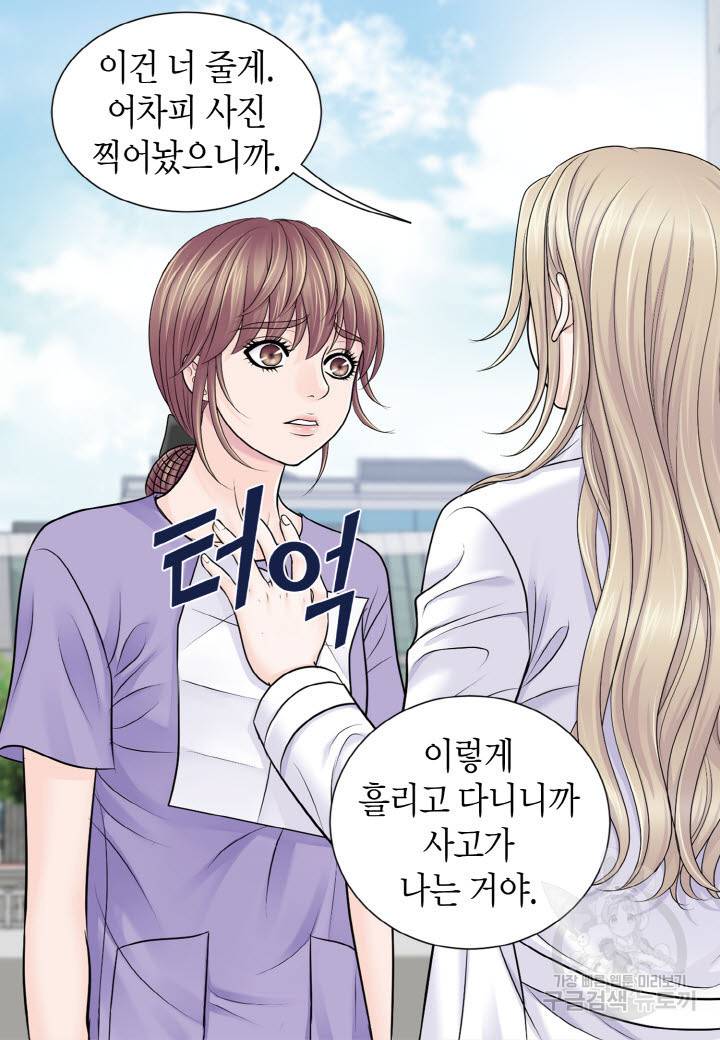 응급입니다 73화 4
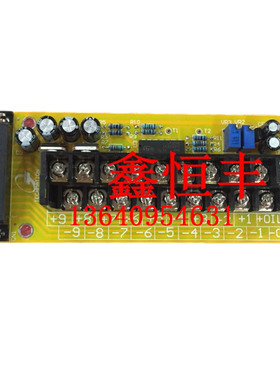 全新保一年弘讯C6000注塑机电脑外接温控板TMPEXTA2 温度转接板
...
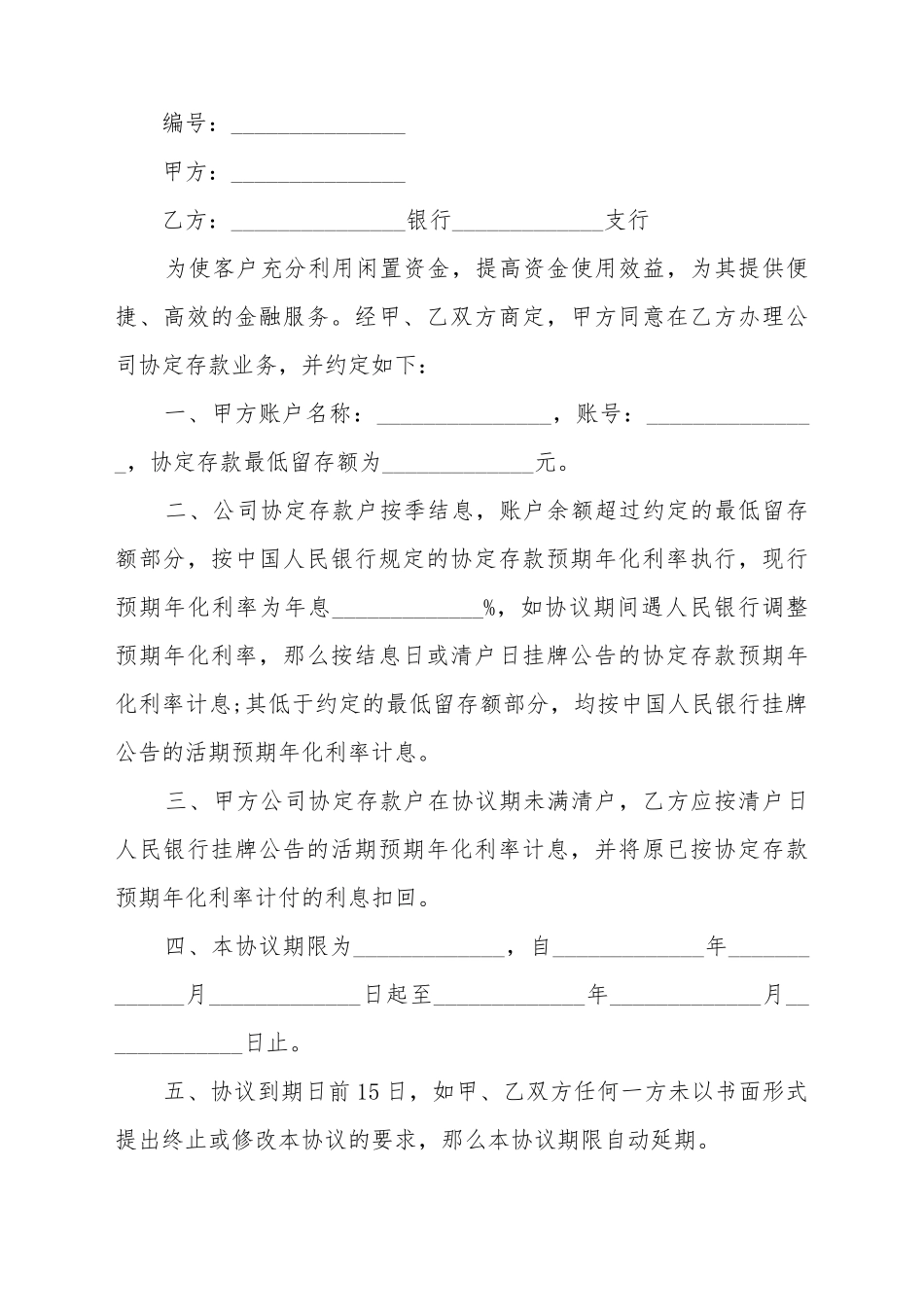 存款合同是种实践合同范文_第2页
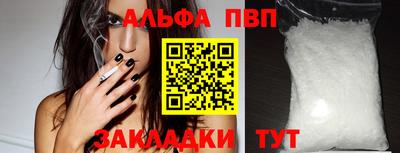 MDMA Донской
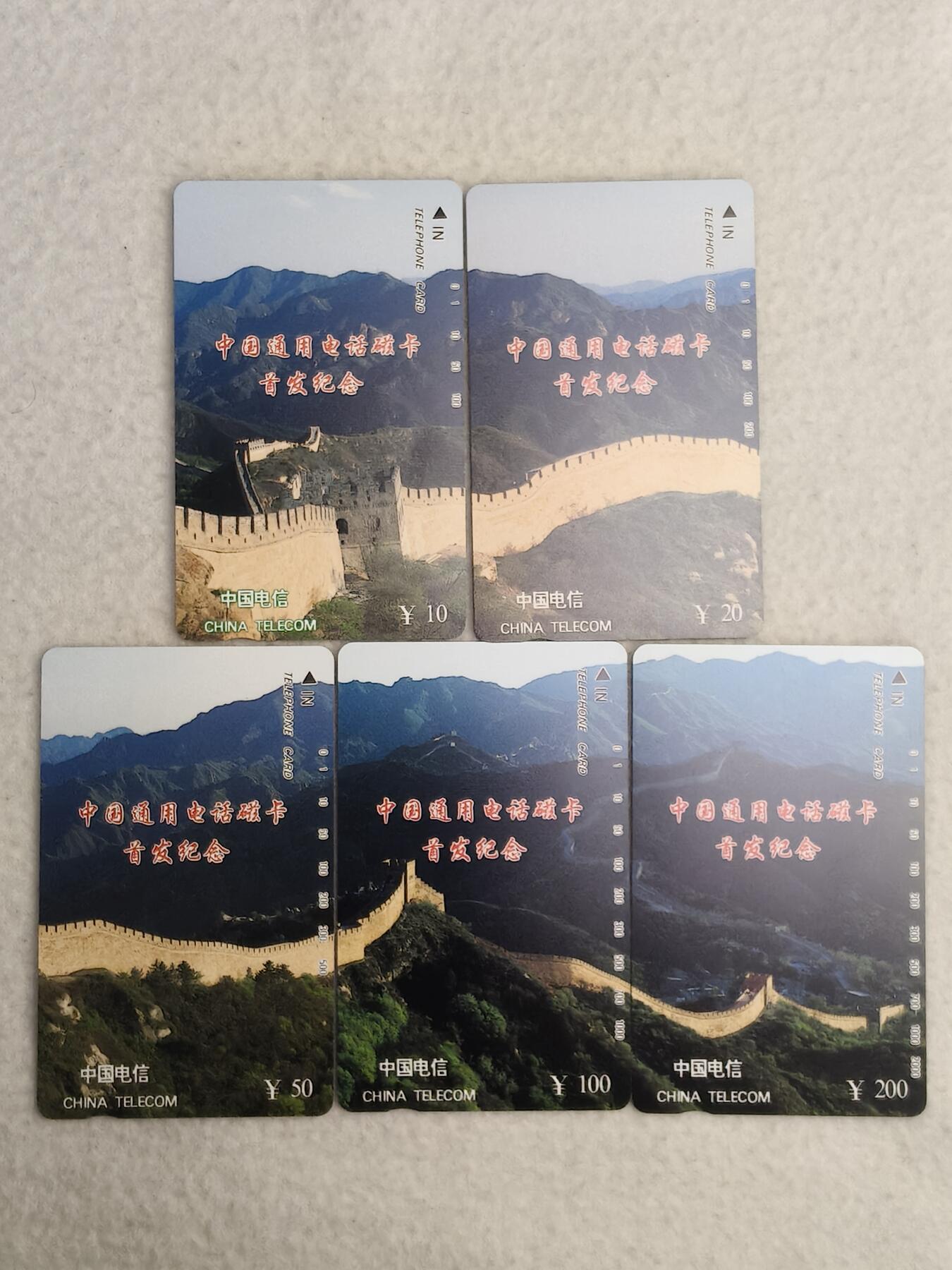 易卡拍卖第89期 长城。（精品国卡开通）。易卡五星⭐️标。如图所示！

WORK TO COMPLETE >> Beginning with the line above that has "응급입니다 73화 4" and going on through the line that has "全新保一年弘讯C6000注塑机电脑外接温控板TMPEXTA2 温度转接板", retype every line exactly and add nothing else; drop the pictures.

ANSWER TO THIS PROBLEM >>
 응급입니다 73화 4
 全新保一年弘讯C6000注塑机电脑外接温控板TMPEXTA2 温度转接板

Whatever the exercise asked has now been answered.